### EXERCISE
Leaving out all pictures, write out word for word the lines from the one containing "Edificio en venta en Miño" to the end of the data below.

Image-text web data
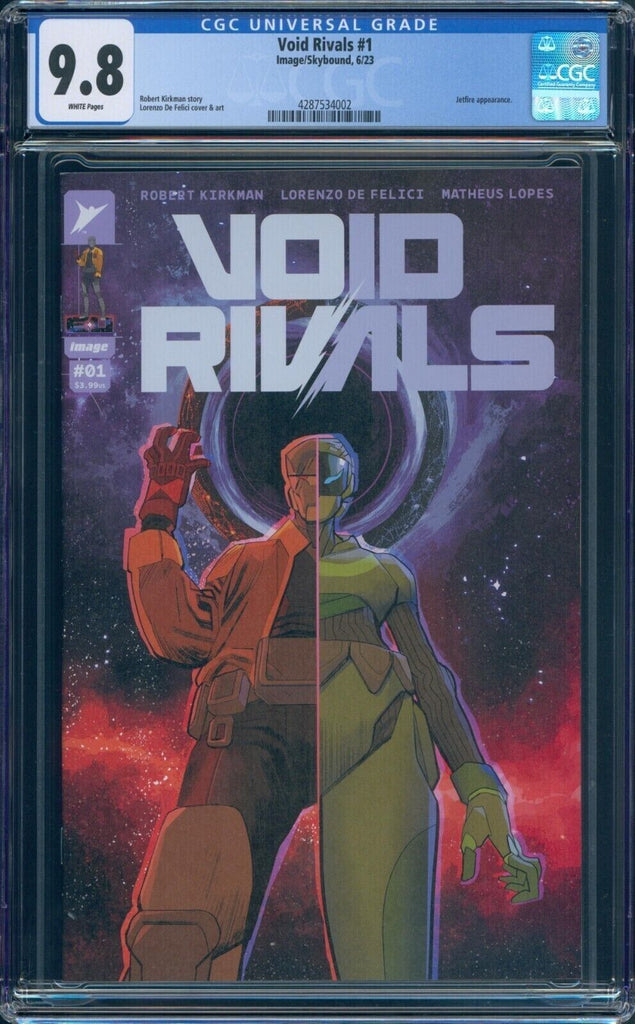 Void Rivals 1 Cover A CGC 9.8 Image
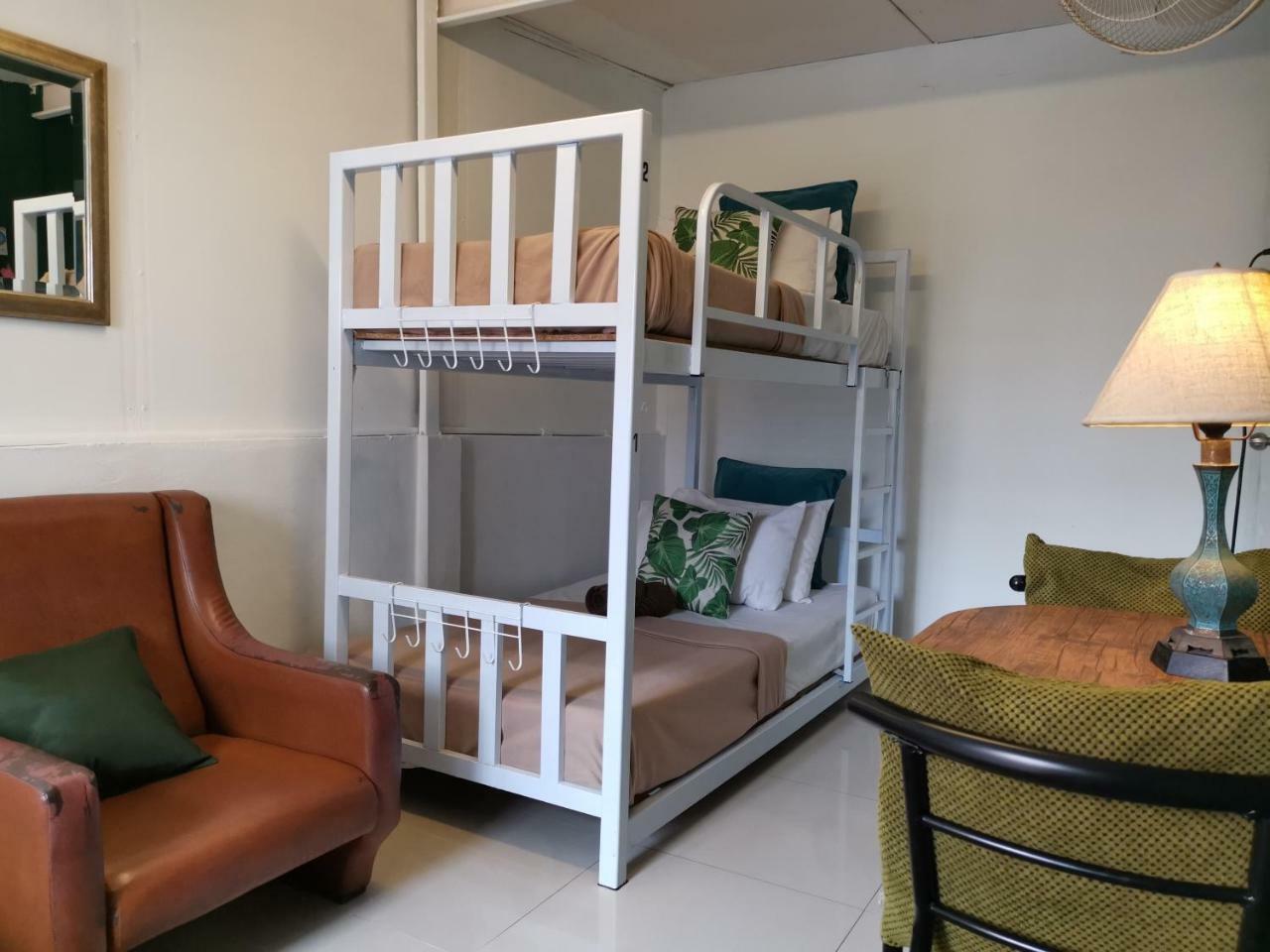 Siam Journey Guesthouse Bangkok Eksteriør bilde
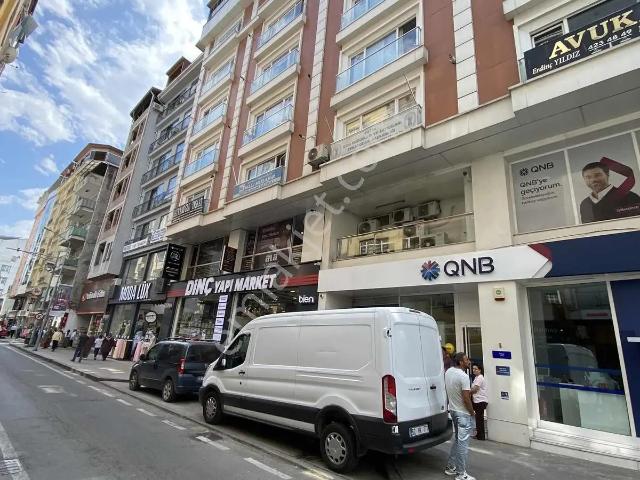 Fatsa içerisinde kiralık mülk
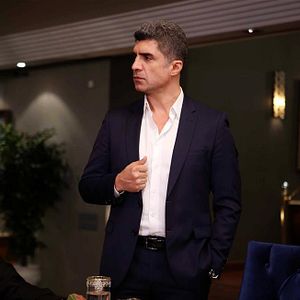 Fotoğraf Kaderimin Yazıldığı Gün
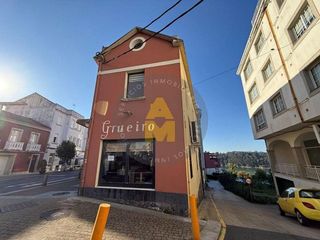 Edificio en venta en Miño
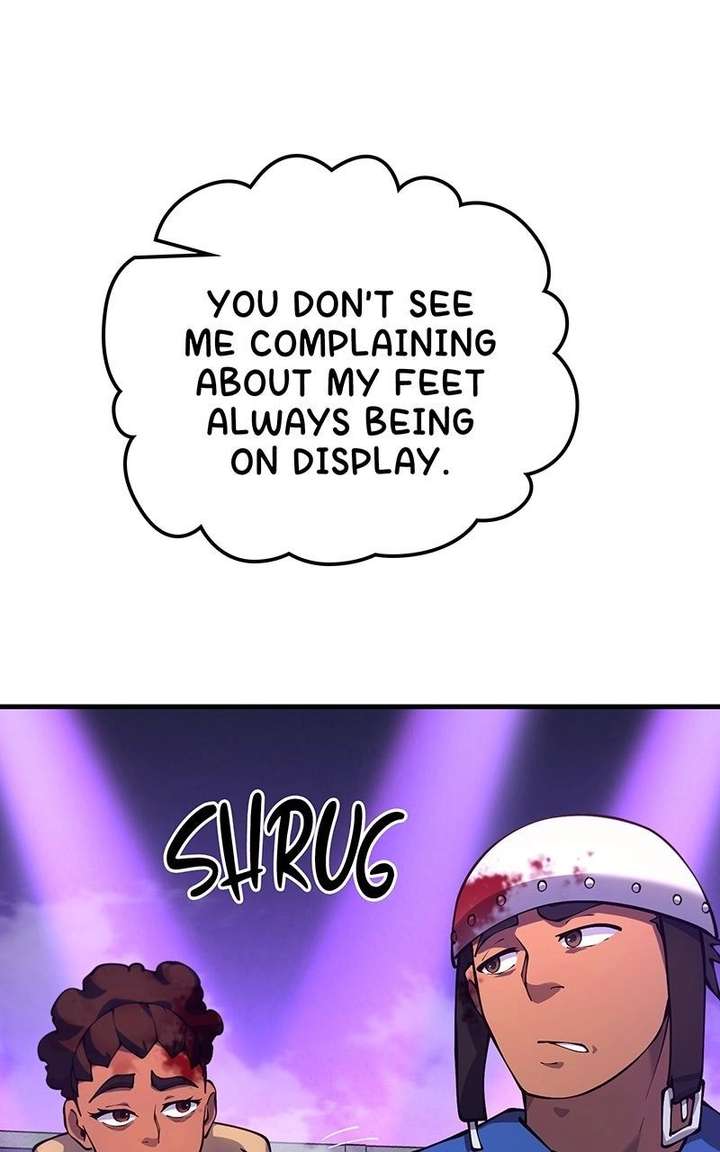 Dungeon Crawler Carl Chapter 29 - Page 62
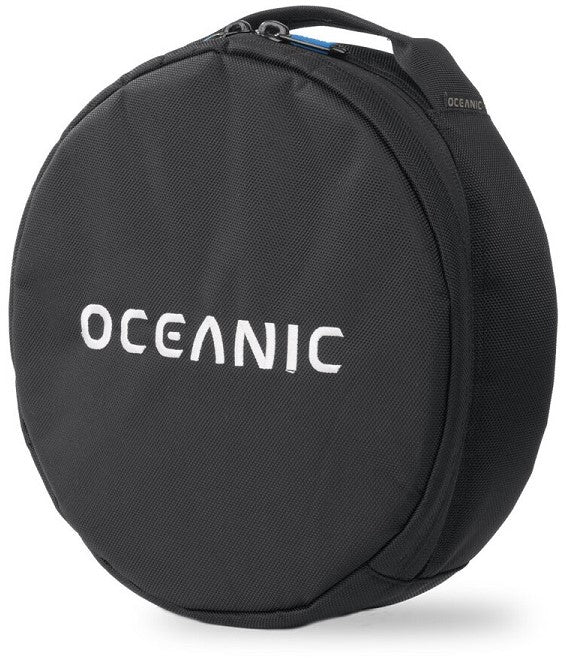 Oceanic Atemreglertasche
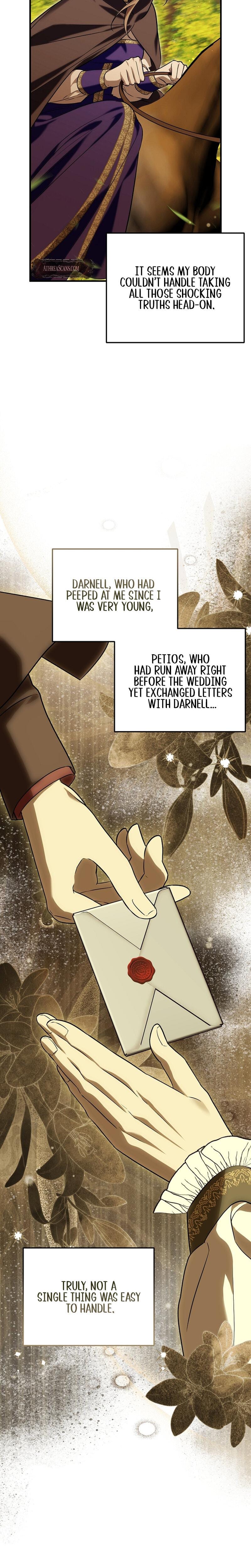 Anyway, We Did Get Married Uncensored, chapter 18, page 19 of 31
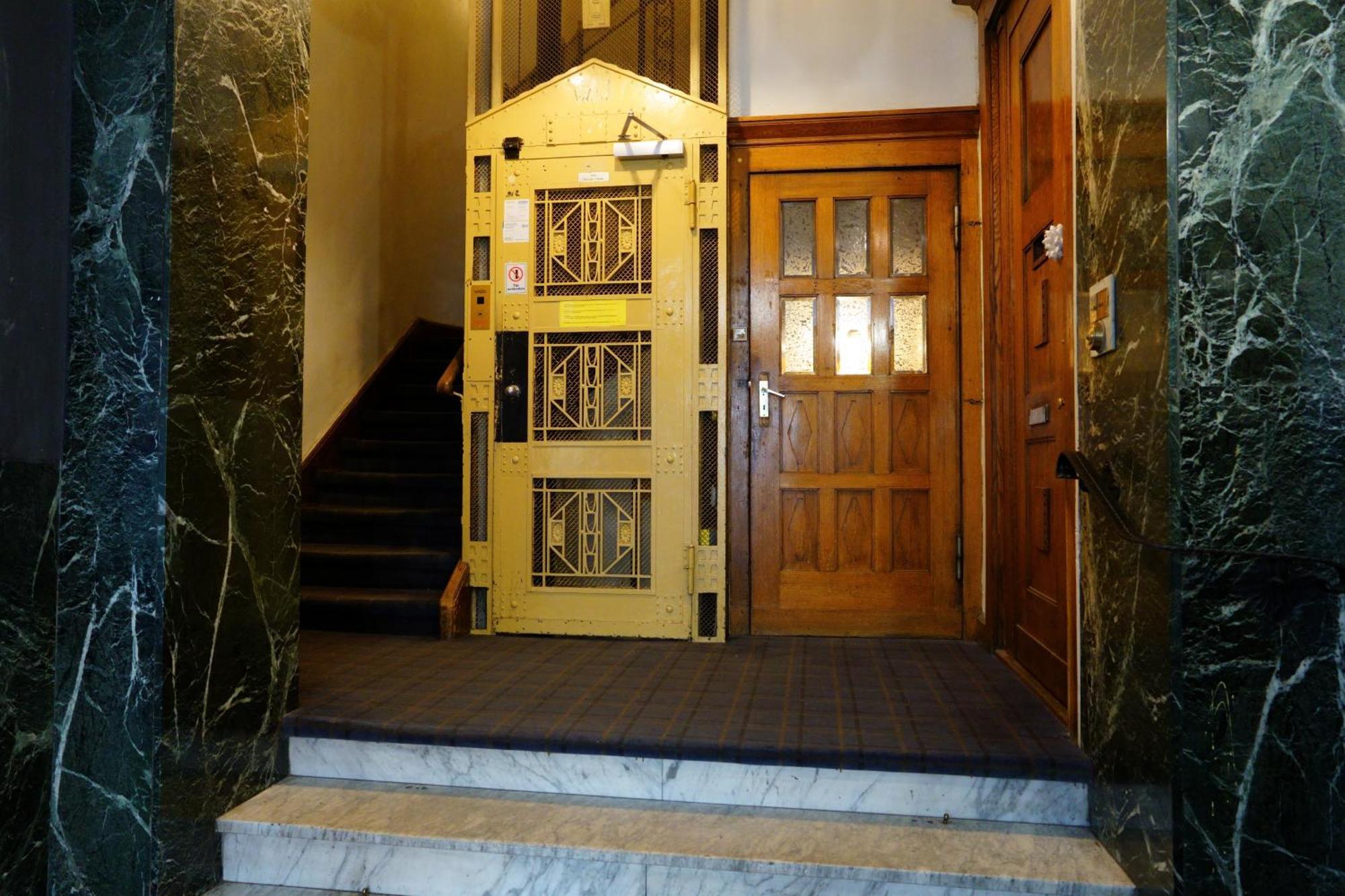 Hotelpension Margrit Affittacamere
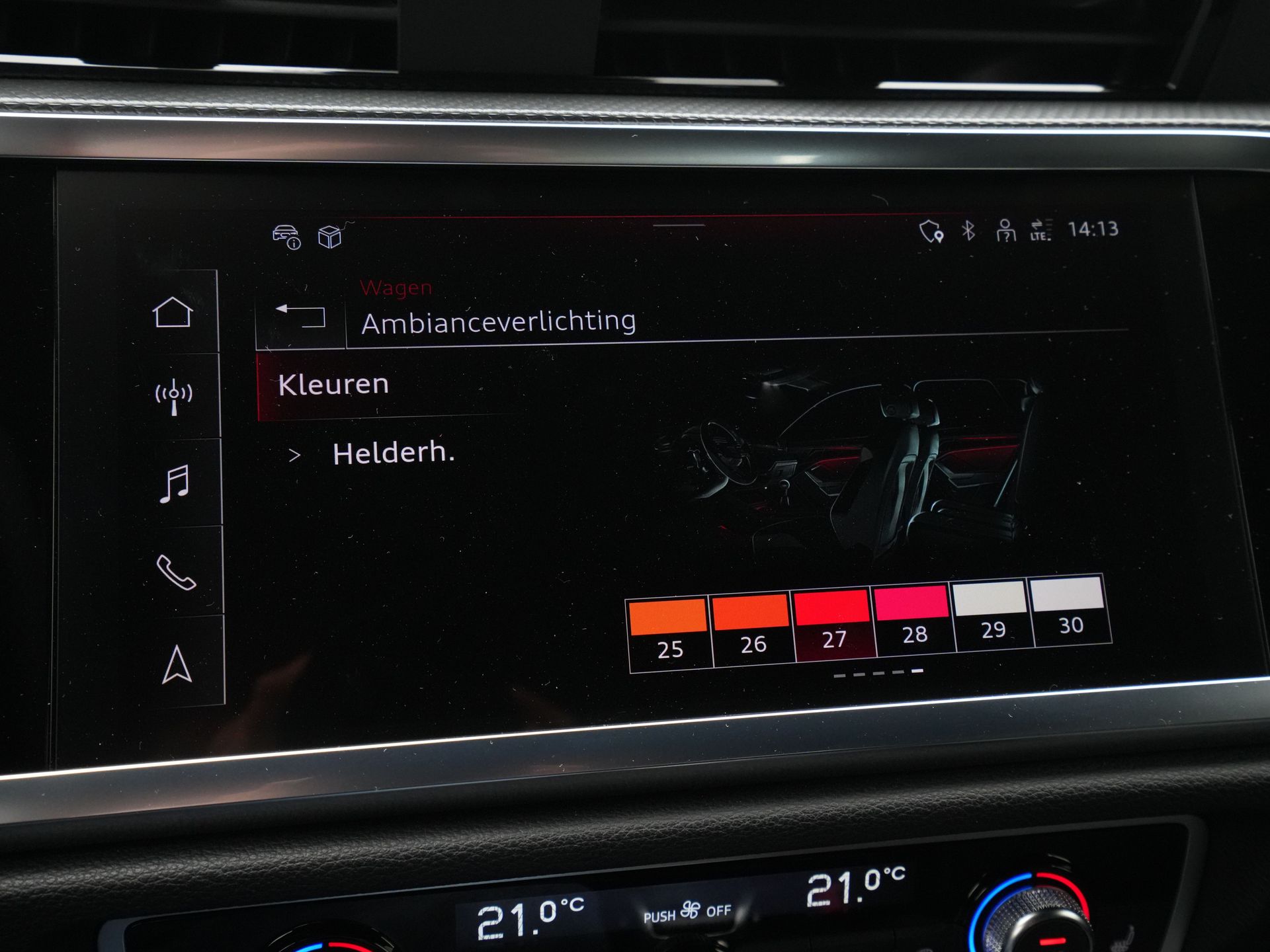 Audi - Q3 Sportback 45 TFSI e 245 pk S-Tronic S line Edition - 2024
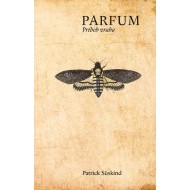 Parfum. Príbeh vraha - cena, porovnanie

### EXERCISE OUTPUT
 Edificio en venta en Miño
 Dungeon Crawler Carl Chapter 29 - Page 62
 Oceanic Atemreglertasche
 Anyway, We Did Get Married Uncensored, chapter 18, page 19 of 31
 Hotelpension Margrit Affittacamere
 Audi - Q3 Sportback 45 TFSI e 245 pk S-Tronic S line Edition - 2024
 Parfum. Príbeh vraha - cena, porovnanie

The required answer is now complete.